An article by Christine Dell’Amore, National Geographic News.

A compilation of wildlife trends suggests that populations of some wild animals have fallen by half in the past four decades, according to a report released Tuesday by the advocacy group World Wildlife Fund.

The 2014 Living Planet Report gives an index that tracks the numbers of animals in selected populations of vertebrates—mammals, birds, reptiles, amphibians, and fish—across the globe.

This “Living Planet Index” declined by 52 percent between 1970 and 2010, “a much bigger decrease than has been reported previously,” according to the report.

The 52 percent figure refers to a general trend of vertebrate species populations shrinking, on average, to about half the size that they were 40 years ago, according to WWF spokesperson Molly Edmonds.

The report attributes the declines primarily to habitat loss and degradation, hunting and fishing, and climate change.

Though the new index received intense global media attention, establishing a broad trend for all animals is difficult—and controversial—because of the limited data on global wildlife populations. At least one prominent ecologist raised questions Tuesday about World Wildlife Fund’s methods.

A Changing Picture

Two years ago, WWF put the same decline at 28 percent for nearly the same time period: 1970 to 2008. For this year’s report, the group recalculated the index.

“This new index used a different methodology, taking vertebrate diversity into account. And we have more data than before,” Edmonds told National Geographic by email.

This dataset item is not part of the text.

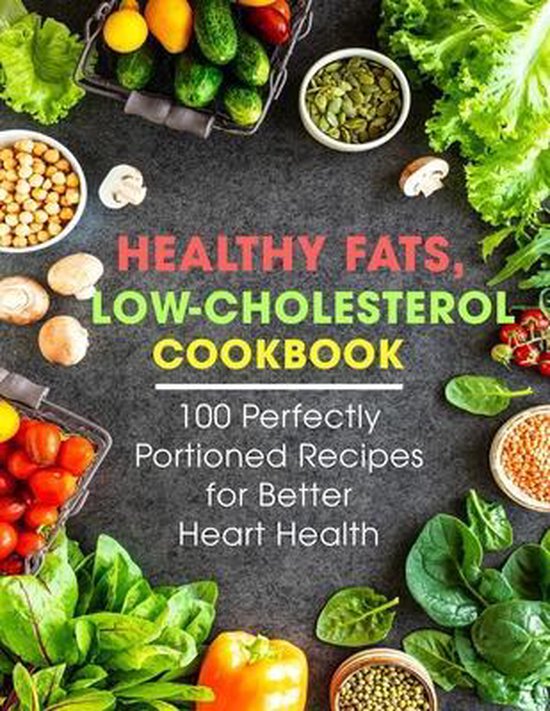 Healthy Fats, Low-Cholesterol Cookbook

The new method attempts to solve the problem of limited data on the world’s wildlife. Even the 3,038 vertebrate species included in the report are just a fraction of the estimated 62,839 species that have been described around the world. The new index assigns a statistical weight to underrepresented groups to “provide a better representation of the results we would expect if a complete dataset was available—containing all vertebrate species,” according to the report.